Porosity estimation from thin section image using digital image processing is critical for petrography study since it gives a brief description on the 2D porosity of the sample. The standard routine uses the binarization process that converts the colour (RGB) image into a binary image using pixel value treshold. The idea is that the treshold value must accomodate all the blue regions correlate to pore and turns it into white in the resulting binary image. Errors come from mis-conversion when the matrix is converted into pores and yields larger pore spaces. This error can be larger when dealing with samples having high blue variation, for example; stained carbonate or polarized microscope captured thin section. To address this issue, an integration of neural network and image processing is proposed to estimate accurately the porosity from a thin section.
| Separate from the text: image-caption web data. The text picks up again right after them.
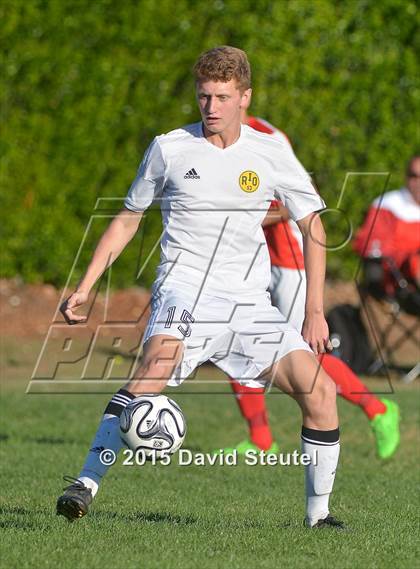 Thumbnail 1 in Cordova @ Rio Americano (CIF SJS D3 Playoffs) photogallery.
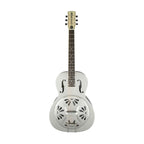 Gretsch G9221 Bobtail Steel Body Round-Neck Acoustic/Electric Resonator Guitar w/Fishman Nashville Pickup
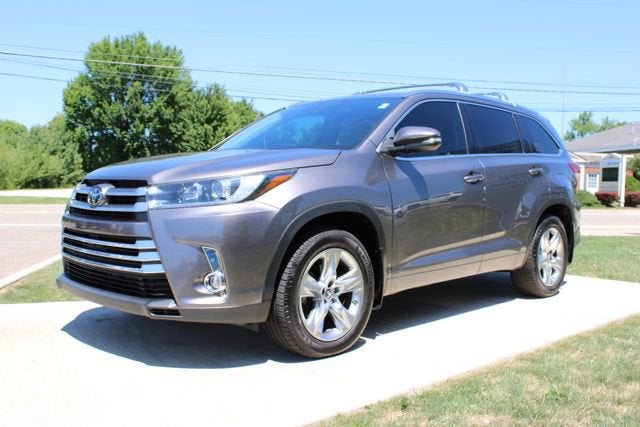 2019 Toyota Highlander Limited
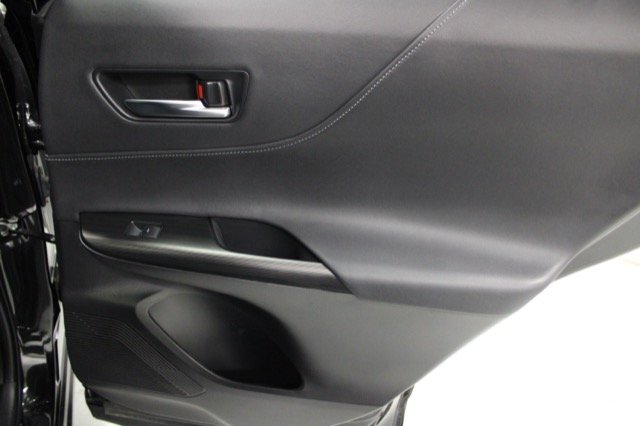 Certified Used 2024 Black Toyota XLE nightshade image 20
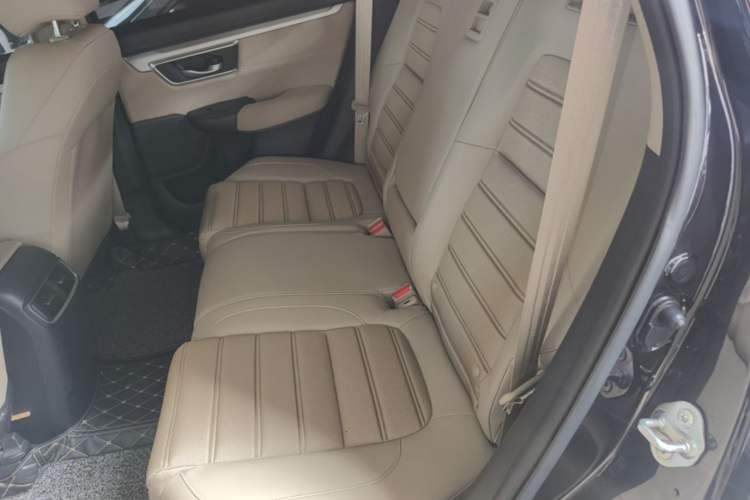 Used Honda CR-V 2021 240TURBO CVT Two-Wheel Drive Urban Edition Left Rear Seat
The neural network, based on color pattern difference between pores and matrix is assigned to segment them by addressing their original pixel value with a targeted code value, e.g.; 1 for pores and 0 for matrix. After the segmentation, pixel counting is then used to calculate the porosity. This method requires the training data which is the cropped region of pores and matrix. In the training process it uses the Lavenberg-Marquadt learning method. Synthetic samples and bonafide thin sections of sandstone and stained carbonate are used for testing. For each sample the computation time is less than 10 seconds and the error, which is caused by mis-segmentation, is less than 1%. Results from standard image processing technique are also evaluated for comparison.The algorithm can also work for the grey scale image and binary image as such it is suggested that it can work for estimating microporosity in carbonates or coal from SEM image. The proposed method brings new advance in digital petrography and can be an accurate and fast tool for porosity estimation from thin sections. Furthermore, as the neural network algorithm can also segment the multi mineral matrix present in the sample (stained carbonate thin section), the fraction of each mineral constituent can also be estimated.